Congrats! She's so cute


----------



## Draenog (Feb 27, 2012)

She is so cute! More pics please!


----------



## coribelle (Jan 20, 2012)

What a gorgeous name for a gorgeous little girl.
Pashmina, love it! I might have to steal it someday (;
And do post more pictures of her! She's quite the beaut!


----------



## PJM (May 7, 2010)

She's precious!! Can't wait to hear all about her.


----------



## shetland (Sep 2, 2008)

Such a little angel!


----------



## raerysdyk (Oct 21, 2011)

I love her furry little brow!  So adorable! Sqwee! Can't wait to see more pictures of your new one! Congrats!


----------



## alyssinreality (Jan 18, 2012)

Got more photos of Paschmina finally. (Guess we're spelling it with a c now.

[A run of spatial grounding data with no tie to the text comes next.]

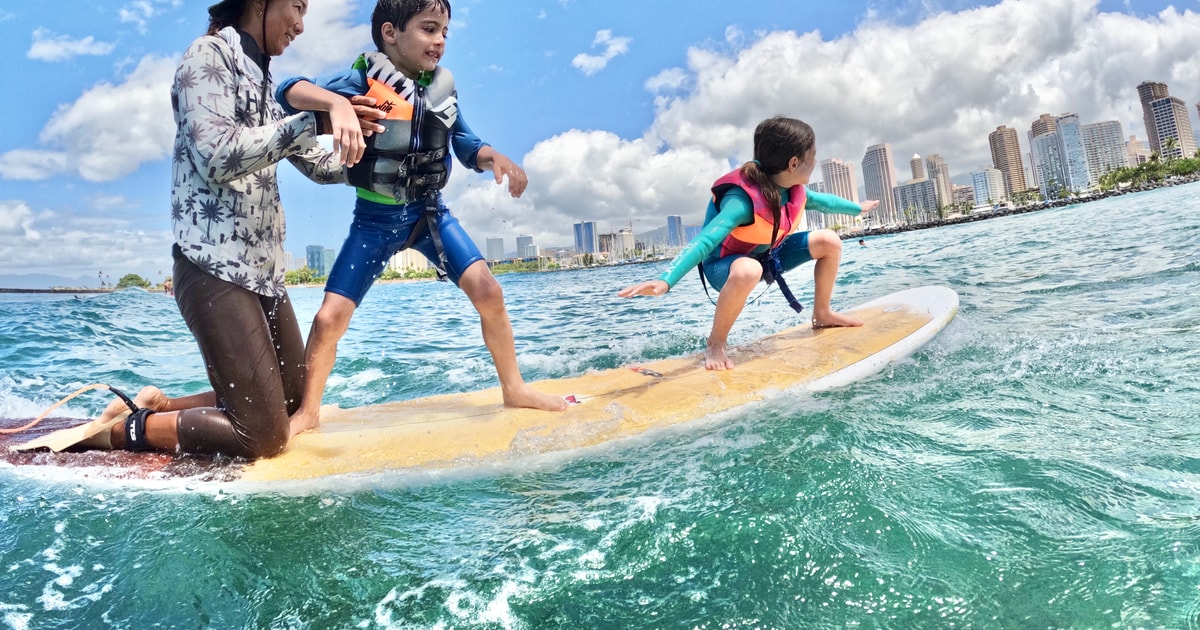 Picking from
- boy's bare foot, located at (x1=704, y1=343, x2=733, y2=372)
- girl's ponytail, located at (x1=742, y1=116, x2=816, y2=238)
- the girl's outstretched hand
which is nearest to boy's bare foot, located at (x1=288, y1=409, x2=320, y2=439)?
the girl's outstretched hand

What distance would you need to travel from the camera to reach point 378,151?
314 centimetres

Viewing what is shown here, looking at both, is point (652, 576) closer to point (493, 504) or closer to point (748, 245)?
point (493, 504)

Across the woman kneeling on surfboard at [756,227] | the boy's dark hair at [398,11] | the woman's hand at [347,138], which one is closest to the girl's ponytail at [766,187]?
the woman kneeling on surfboard at [756,227]

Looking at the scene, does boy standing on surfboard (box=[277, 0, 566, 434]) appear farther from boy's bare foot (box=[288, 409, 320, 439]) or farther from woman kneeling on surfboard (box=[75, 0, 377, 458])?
woman kneeling on surfboard (box=[75, 0, 377, 458])

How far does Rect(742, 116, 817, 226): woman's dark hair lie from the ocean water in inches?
62.9

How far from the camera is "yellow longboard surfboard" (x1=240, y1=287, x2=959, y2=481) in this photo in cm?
285

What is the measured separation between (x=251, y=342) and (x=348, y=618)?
1.49 metres

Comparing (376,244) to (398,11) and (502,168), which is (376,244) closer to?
(502,168)

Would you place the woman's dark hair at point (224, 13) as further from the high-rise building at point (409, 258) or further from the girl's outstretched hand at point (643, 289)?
the girl's outstretched hand at point (643, 289)

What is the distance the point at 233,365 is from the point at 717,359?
9.19 ft

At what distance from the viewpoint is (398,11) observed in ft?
10.4

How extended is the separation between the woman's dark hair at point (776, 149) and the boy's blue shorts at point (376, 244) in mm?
2152

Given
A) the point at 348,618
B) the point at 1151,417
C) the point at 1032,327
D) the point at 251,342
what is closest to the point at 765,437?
the point at 1151,417

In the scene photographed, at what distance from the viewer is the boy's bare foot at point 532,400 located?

I keep telling him thats weird but he insists and its his hedgehog lol.) She's still timid as heck, but she's improving immensely each day.


----------



## alyssinreality (Jan 18, 2012)

These two are my favorite


----------



## SquiggyTheHedgie (Jul 26, 2011)

Those are adorable pics! Nothin cuter than a hedgie with their human mummies and daddies! >.> cept maybe hoglets, but to be honest I dont think anyone can resist hoglets :lol:


----------